Owing to this rule of terrorism and persecution, the people were forced to defend themselves by forming secret revolutionary societies. Oppression created despair, and despair violence. Great men like Mazzini preached the employment of anarchistic methods against Austria. Popular risings of the outraged people were ferociously suppressed by the Austrian military. After repeated unsuccessful revolts, the Italians recovered their freedom and their unity in the wars of 1859 and 1866. Austria had to withdraw from the Peninsula, but she retained some valuable districts in the north and in the north-east of Italy, the Southern Tyrol, the Trentino, as the Italians call it, and Trieste and the surrounding districts. The fathers and grandfathers of the present generation have lived and suffered under the Austrian yoke, and they have fought against that country. It is, therefore, not unnatural that there exists throughout Italy a ferocious inherited hatred against the land of the Hapsburgs, especially as Austria has done all in her power to keep that hatred alive by perpetuating in the Italian districts still under her control the wrongs which she had inflicted upon Italy herself until she was driven out of the country. In 1914 a valuable study, L'ltalia D'Oltre Confine—Le Provincie Italiane d'Austria, by Virginio Gayda, was published by Fratelli Bocca, Turin, and much of the information given in the following pages has been taken from that large and reliable book.

During a century Austria has followed the identical policy towards the Italians under her sway. Seeing in them a nation of dangerous conspirators, she has thought it necessary to rule them not by the civil power, but by the military.
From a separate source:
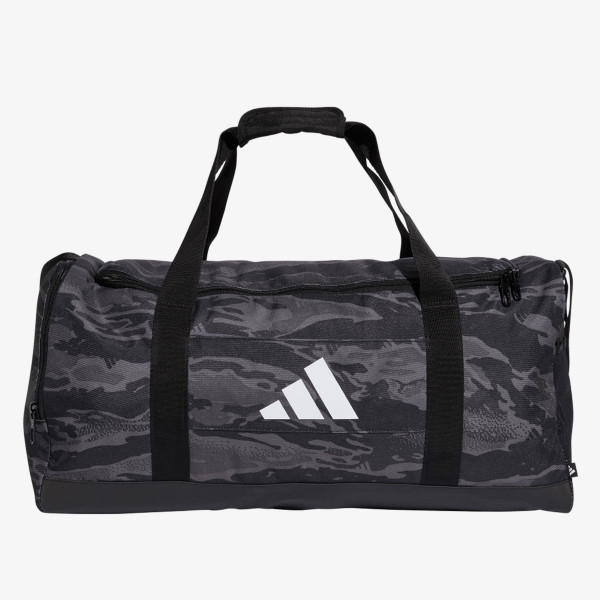 Adidas LIN DUF M CAMO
In the old Lombardo-Venezian kingdom Field-Marshal Radetzki was more powerful than the local governors and the Emperor at Vienna. Even now the military lays down and supervises the policy which is followed by the Austrian Government in the Trentino and in the districts of Trieste. Both districts are treated like a conquered land, both are overawed by numerous fortresses, and by large bodies of troops drawn from the non-Italian portion of Austria's population. In both districts Austria strives to denationalise the Italians by swamping them with men of another nationality, who enjoy the unswerving support of the Government. Austria endeavours to destroy the Italian elements in the Trentino by setting against them the Germans. They are to be converted into Germans. In the district of Trieste, on the other hand, Austria is exploiting the desire of the neighbouring Slavs to acquire that town. Hence she imports into Trieste and the surrounding districts large numbers of Slavs, and endeavours to convert the Italians living in them into Slavs.

The town of Trieste is essentially an Italian town. Some years ago, when visiting it, I arrived in the Porto Vecchio. The boat landed at the Molo San Carlo, and I was driven by the Via del Corso through the Piazza Carlo Goldoni, past the Teatro Goldoni, through the Via del Torrente and the Via Stadion, past the Giardino Publico and the Piazza d'Armi, through the Via Miramar to the Castle of Miramar. In Trieste all the street names are Italian, and so are practically all the inscriptions. The people one sees about look like Italians, and speak Italian. The Burgomaster of the town is called Podestà. One forgets that one is on Austrian soil. Close to Trieste and along the shore are numerous Italian towns and villages, such as Servola, Muggia, Nabresina, Monfalcone, but further inland the towns and villages bear Slavonic names, such as Herpelje, Basovizza, Smarje, etc. The Venetians founded colonies along the Adriatic. The coast towns of Istria and Dalmatia bear Italian names and are largely Italian, but the hinterland is Slavonic.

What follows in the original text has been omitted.